In seguito, un’ulteriore dialogo degno di interesse si instaura tra le opere di due pittrici di generazioni diverse: Eleonore Koch e Ana Prata. Sebbene entrambe lavorino sul tema della natura morta, nel primo caso questo viene declinato nell’astrazione e nell’iterazione di oggetti d’uso quotidiano – che concepisce in stretto dialogo con la fotografia – al fine di conservarne un senso di familiarità; nel secondo caso si assiste, piuttosto, a una narrazione lirica – che rimanda al collage – dai tratti tutt’altro che descrittivi. In entrambi i casi la presenza umana è suggerita unicamente attraverso gli oggetti.
A offrire invece una ricezione multisensoriale è la quinta sala: le opere pittoriche degli anni Trenta di Heitor dos Prazeres, che ritraggono scene di vita popolare riflettendo una realtà storica carica di contraddizioni e disparità sociali in cui sopravvivono, ancora, i valori colonialisti di matrice europea, sono accompagnate dal ritmo della Samba. Non è un caso né una scelta stereotipata, dato che l’artista accede nell’ambiente culturale carioca inizialmente grazie alla sua produzione musicale. Da una delle sue composizioni, intitolata appunto Vai, vai, Saudade, prende il nome l’intera mostra.
La sesta sala è invece coabitata da opere che, lasciando emergere le ferite lasciate dal trauma della colonizzazione e delle attuali questioni razziali, spaziano dalle ricerche sul barocco brasiliano, la ceramica portoghese – quest’ultima nella sua valenza simbolico-politica (Adriana Varejão) – fino ad arrivare alle cartografie marittime – che come si è anticipato, rimandano chiaramente sia ai flussi e le rotte che hanno alimentato l’economia schiavista, che a un’impostazione di pensiero razionalista che sfocia nella barbarie – riportate pittoricamente da Arjan Martins, nella sua riflessione sulla black diaspora.
Proseguendo, colpiscono particolarmente la terra impacchettata di Matheus Rocha Pitta, che rimanda chiaramente alla produzione di narcotici declinata in termini metaforici su quel che sono le attività illecite nella manipolazione e controllo del territorio; e la forte critica politica contro la violenza istituzionalizzata, icasticamente rappresentata nel video di Jhony Aguiar, in cui l’artista appare intento a cantare l’inno nazionale con una pistola in bocca.
Un’intera sala è invece dedicata al Movimento Armorial (Ariano Suassuna, Gilvan Samico, Miguel dos Santos): sorto negli anni Settanta con l’intento di mettere a punto un’autentica arte brasiliana transdisciplinare, recuperando un passato semplice e popolare, spazia dalla letteratura (cordel), musica, teatro fino alle arti visive.

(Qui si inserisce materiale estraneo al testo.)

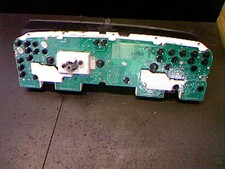 Tableau De Bord Compteur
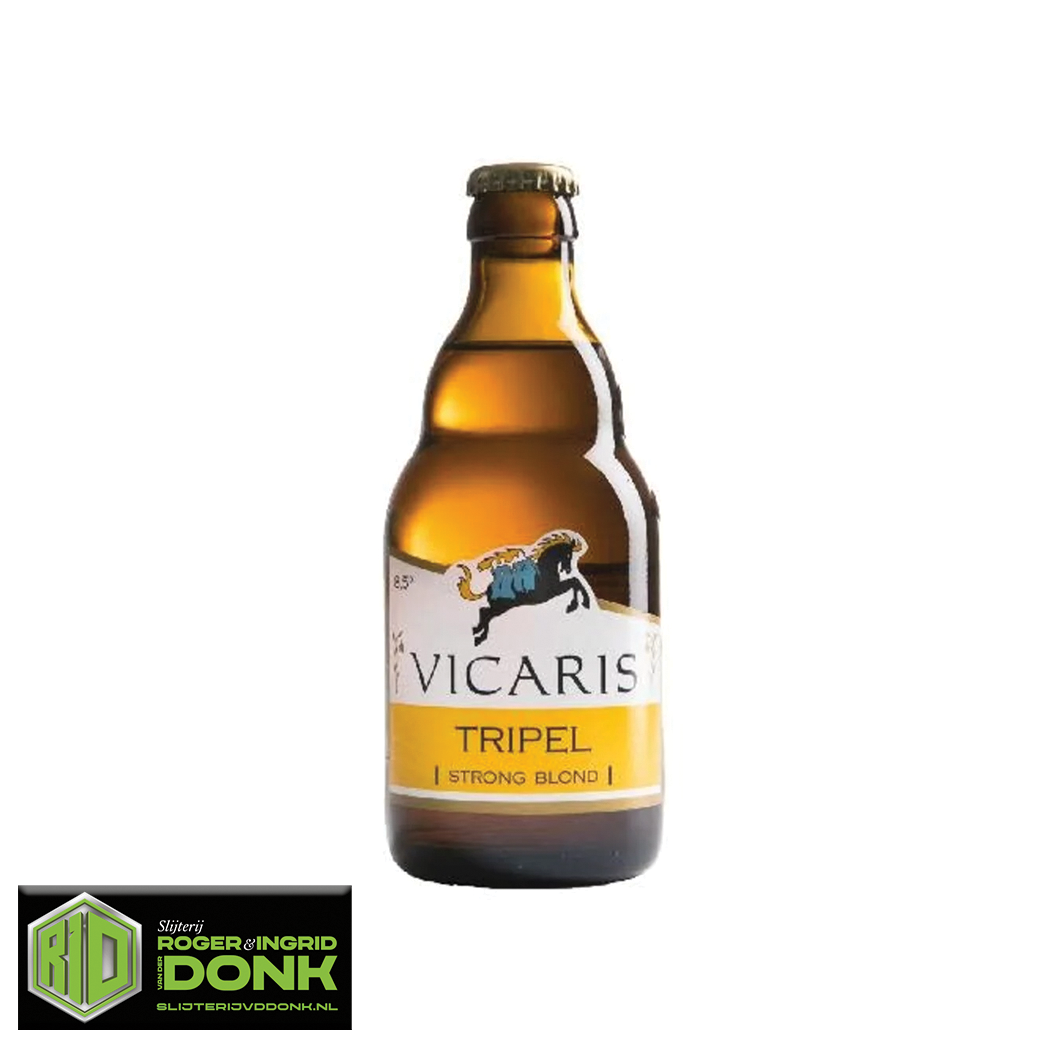 Vicaris Tripel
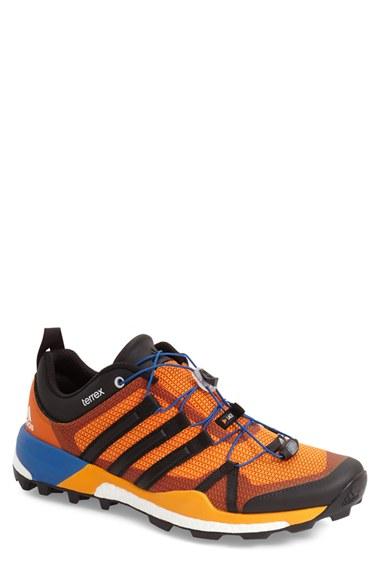 Men's Adidas 'terrex Skychaser' Trail Running Shoe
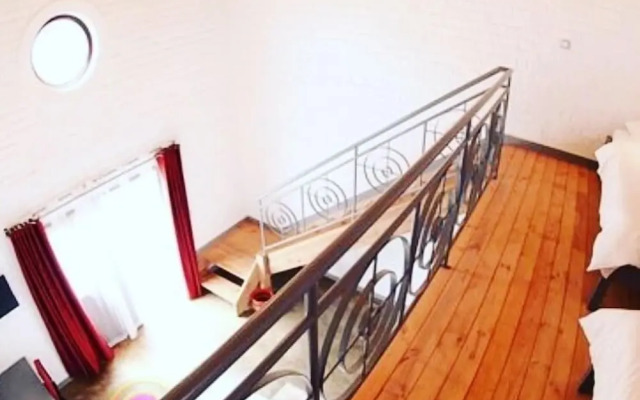 Le Chat'o Park Hôtel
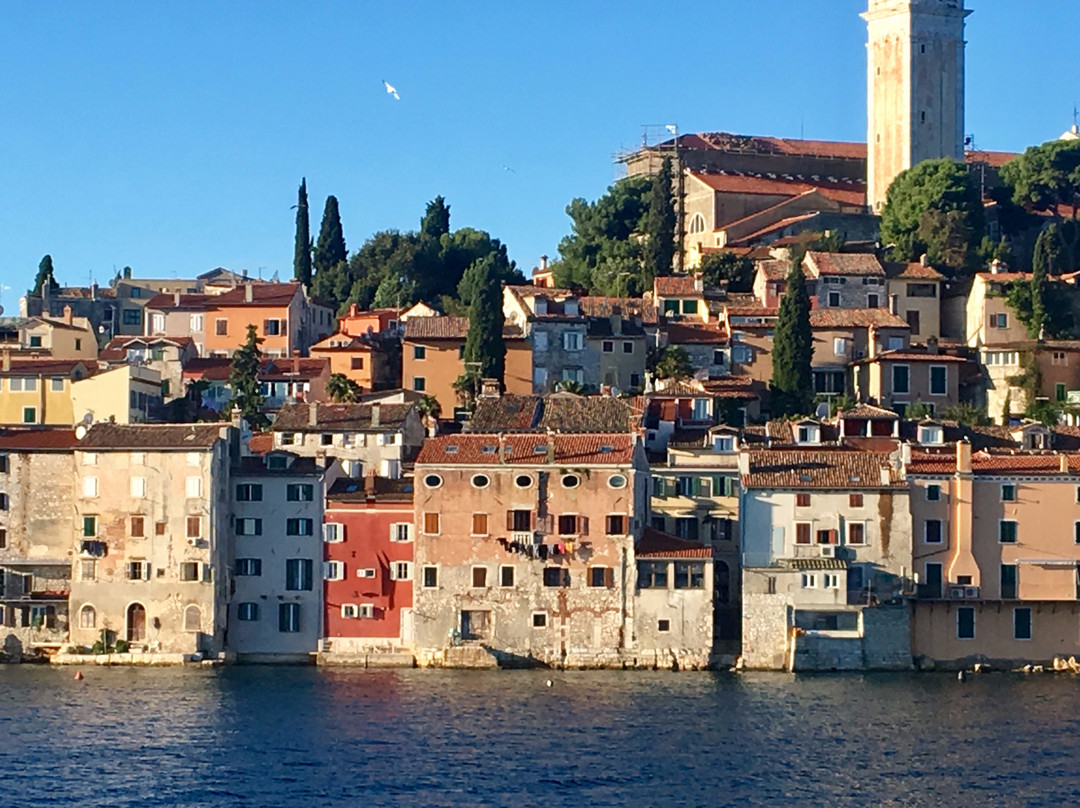 InquisiTours-西雅图必去景点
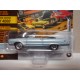 PLYMOUTH GTX CONVERTIBLE 1967 ESCOGER/CHOOSE/CHOISIR 1:64 JOHNNY LIGHTNING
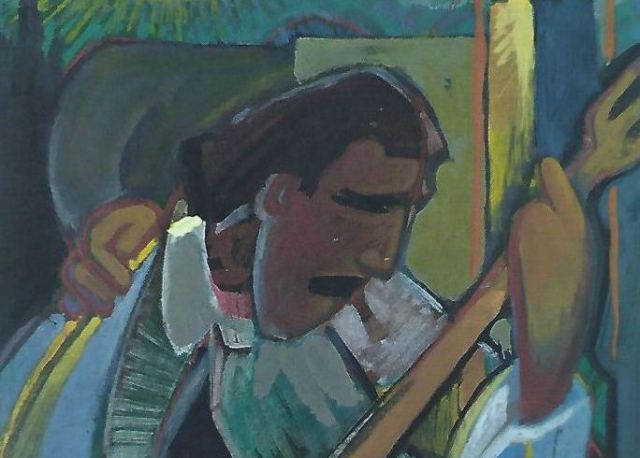 Παρουσίαση βιβλίου και ρεμπέτικη βραδιά από την ΤΕ Φθιώτιδας του ΚΚΕ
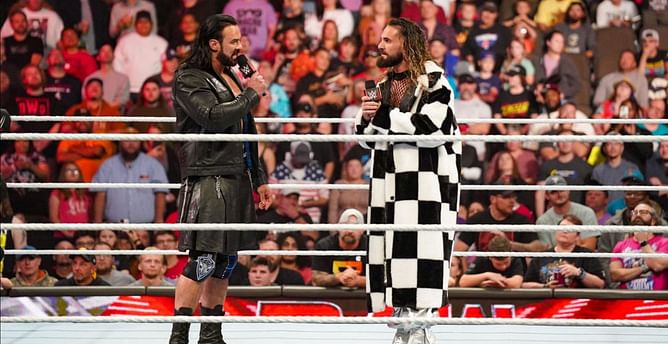 "मैं WrestleMania को मेन इवेंट करना चाहता हूं" - मौजूदा WWE चैंपियन ने सामने रखी अपने दिल की बात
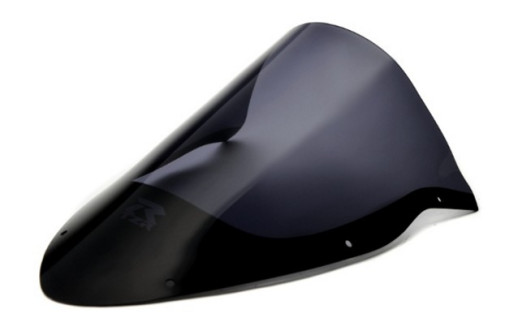 Вітрове скло LOSTER Yamaha TZR 50 03-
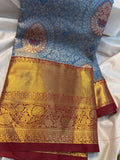 Kanchi 1 day sale
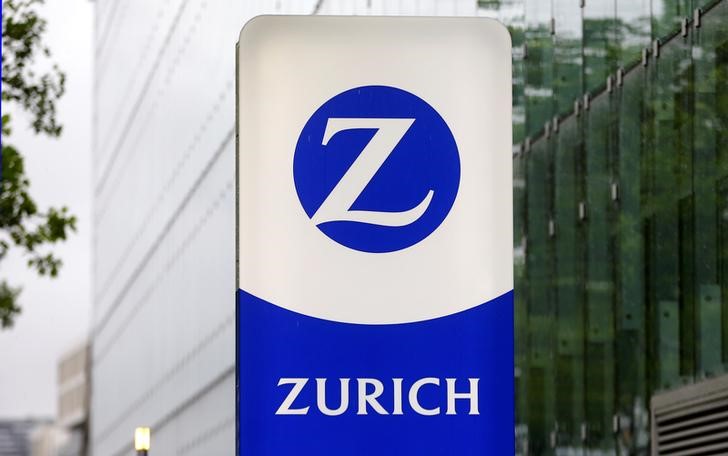 Zurich becomes Australia’s biggest life insurer with $2.1 billion ANZ
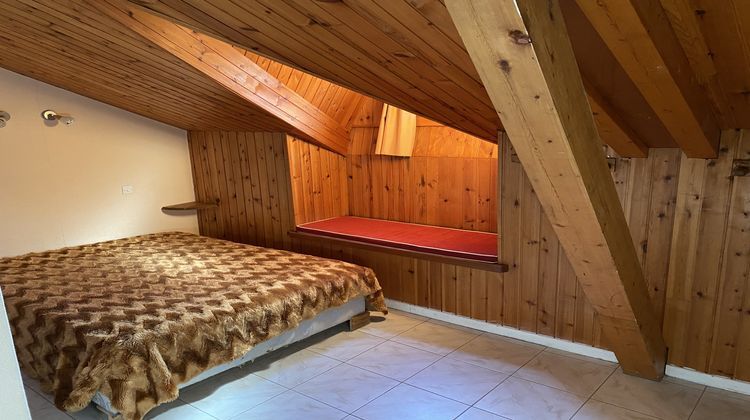 Ma-Cabane - Vente Appartement Font-Romeu-Odeillo-Via, 45 m²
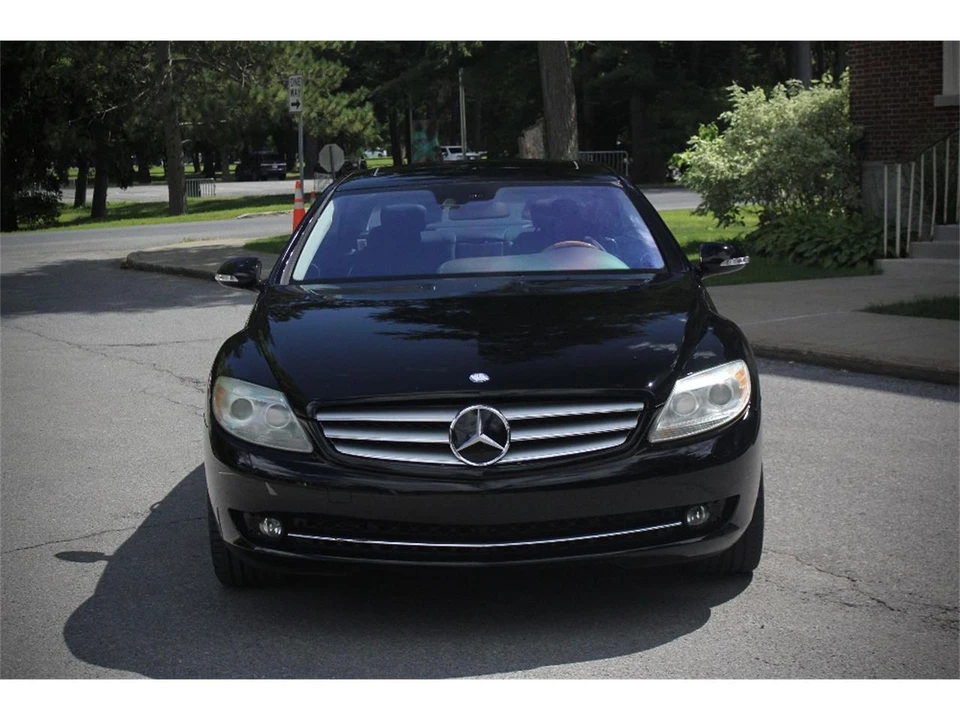 2009 Mercedes-Benz 600 - Image 2 of 31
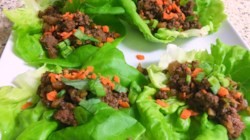 Salatspalte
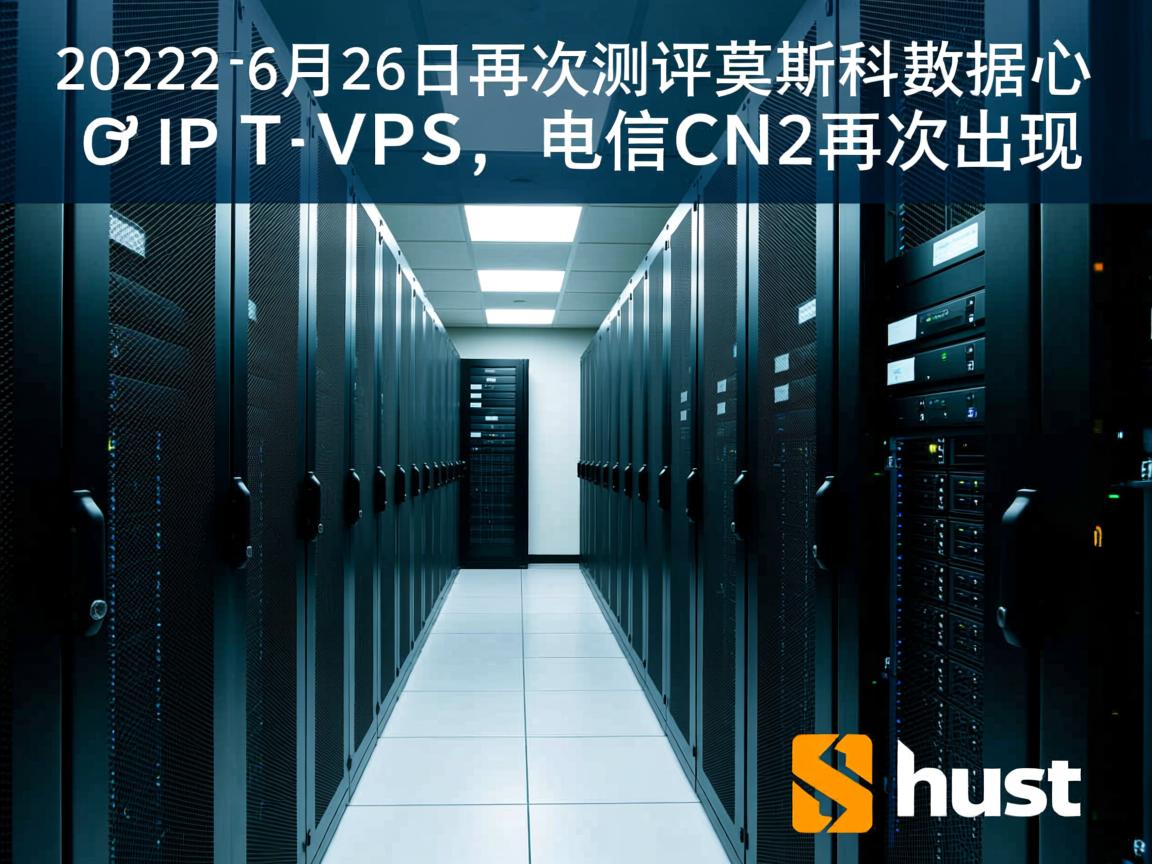 justhost:2022年6月26日再次测评莫斯科数据中心的VPS,电信CN2再次出现 第3张 justhost:2022年6月26日再次测评莫斯科数据中心的VPS,电信CN2再次出现 第3张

Il percorso espositivo si conclude con Era uma vez a Amazônia di Jaider Esbell che, denunciando l’impoverimento delle popolazioni indigene della foresta amazzonica, chiude il discorso iniziato a proposito della narrazione dell’uomo costruttore (e distruttore) di civiltà, che devia nel paradosso. Vai, vai, Saudade riesce così a tessere una trama complessa di storie, appunti e significati da esplorare da vicino e che invita i visitatori a riflettere sul passato e sul presente del Brasile, promuovendo una più profonda comprensione dell’identità di un paese che, attraverso la sua storia, si caratterizza per la diversità culturale, la ricchezza delle idee e le sfumature delle sue contraddizioni.